=== Begin Enclosure ===
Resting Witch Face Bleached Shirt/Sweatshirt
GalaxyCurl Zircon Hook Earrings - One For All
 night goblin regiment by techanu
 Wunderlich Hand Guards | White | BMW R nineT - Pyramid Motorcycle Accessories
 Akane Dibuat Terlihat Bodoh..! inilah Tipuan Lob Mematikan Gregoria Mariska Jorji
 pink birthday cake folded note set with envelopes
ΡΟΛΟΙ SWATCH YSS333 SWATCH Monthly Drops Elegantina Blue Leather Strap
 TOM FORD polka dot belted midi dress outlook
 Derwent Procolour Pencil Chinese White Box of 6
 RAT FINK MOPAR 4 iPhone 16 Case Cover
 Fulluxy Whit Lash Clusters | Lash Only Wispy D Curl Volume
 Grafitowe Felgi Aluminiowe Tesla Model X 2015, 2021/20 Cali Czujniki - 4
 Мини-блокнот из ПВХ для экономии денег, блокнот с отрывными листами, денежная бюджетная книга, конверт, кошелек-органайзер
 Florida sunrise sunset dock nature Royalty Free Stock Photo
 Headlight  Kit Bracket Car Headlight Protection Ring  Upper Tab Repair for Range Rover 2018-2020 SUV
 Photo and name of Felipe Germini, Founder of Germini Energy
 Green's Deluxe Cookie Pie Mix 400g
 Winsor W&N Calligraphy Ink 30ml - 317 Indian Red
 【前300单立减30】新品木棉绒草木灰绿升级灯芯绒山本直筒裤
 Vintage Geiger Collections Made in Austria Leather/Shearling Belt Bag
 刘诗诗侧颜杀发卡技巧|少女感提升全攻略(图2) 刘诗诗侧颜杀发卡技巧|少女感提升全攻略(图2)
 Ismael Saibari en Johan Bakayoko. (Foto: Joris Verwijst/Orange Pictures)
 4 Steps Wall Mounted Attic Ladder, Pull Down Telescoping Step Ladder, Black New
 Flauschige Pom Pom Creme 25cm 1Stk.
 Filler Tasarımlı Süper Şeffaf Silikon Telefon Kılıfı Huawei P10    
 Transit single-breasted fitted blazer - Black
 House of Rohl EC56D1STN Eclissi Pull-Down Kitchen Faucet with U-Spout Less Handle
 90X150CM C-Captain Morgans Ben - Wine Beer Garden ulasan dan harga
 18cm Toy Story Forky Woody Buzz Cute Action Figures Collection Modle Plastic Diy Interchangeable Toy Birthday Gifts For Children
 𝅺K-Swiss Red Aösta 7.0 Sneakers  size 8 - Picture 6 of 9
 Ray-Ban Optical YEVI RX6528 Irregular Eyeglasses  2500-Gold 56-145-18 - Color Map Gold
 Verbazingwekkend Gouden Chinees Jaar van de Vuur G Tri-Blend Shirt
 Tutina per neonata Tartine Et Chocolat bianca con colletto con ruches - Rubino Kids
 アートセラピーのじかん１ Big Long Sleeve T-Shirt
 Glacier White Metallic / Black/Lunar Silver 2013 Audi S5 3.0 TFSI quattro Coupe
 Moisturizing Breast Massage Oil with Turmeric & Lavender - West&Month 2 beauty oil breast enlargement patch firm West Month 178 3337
=== End Enclosure ===
In the listing above, find the line containing "Fulluxy Whit Lash" and the line containing "Florida sunrise sunset", then quote both, plus every line between them, exactly as written.

= TASK SOLUTION =
 Fulluxy Whit Lash Clusters | Lash Only Wispy D Curl Volume
 Grafitowe Felgi Aluminiowe Tesla Model X 2015, 2021/20 Cali Czujniki - 4
 Мини-блокнот из ПВХ для экономии денег, блокнот с отрывными листами, денежная бюджетная книга, конверт, кошелек-органайзер
 Florida sunrise sunset dock nature Royalty Free Stock Photo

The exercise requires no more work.